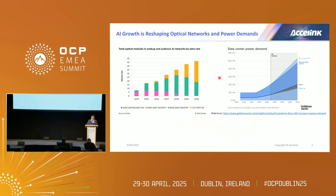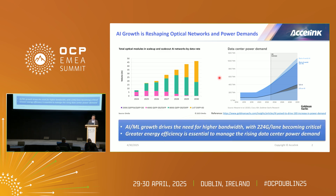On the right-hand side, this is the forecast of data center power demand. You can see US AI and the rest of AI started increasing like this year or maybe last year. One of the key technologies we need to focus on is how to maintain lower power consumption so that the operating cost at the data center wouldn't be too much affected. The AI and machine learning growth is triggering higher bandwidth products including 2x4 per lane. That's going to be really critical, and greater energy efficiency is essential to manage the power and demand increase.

--

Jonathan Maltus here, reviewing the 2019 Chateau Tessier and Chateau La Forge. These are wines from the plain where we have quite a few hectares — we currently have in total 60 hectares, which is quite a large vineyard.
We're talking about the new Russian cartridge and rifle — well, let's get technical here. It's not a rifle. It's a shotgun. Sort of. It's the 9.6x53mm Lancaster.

• **WHAT THE EXERCISE ASKS**: Going through the listing above, please work out how many lines contain the word "here", and give the number alone.

• **ANSWER FOR THE TASK**: 2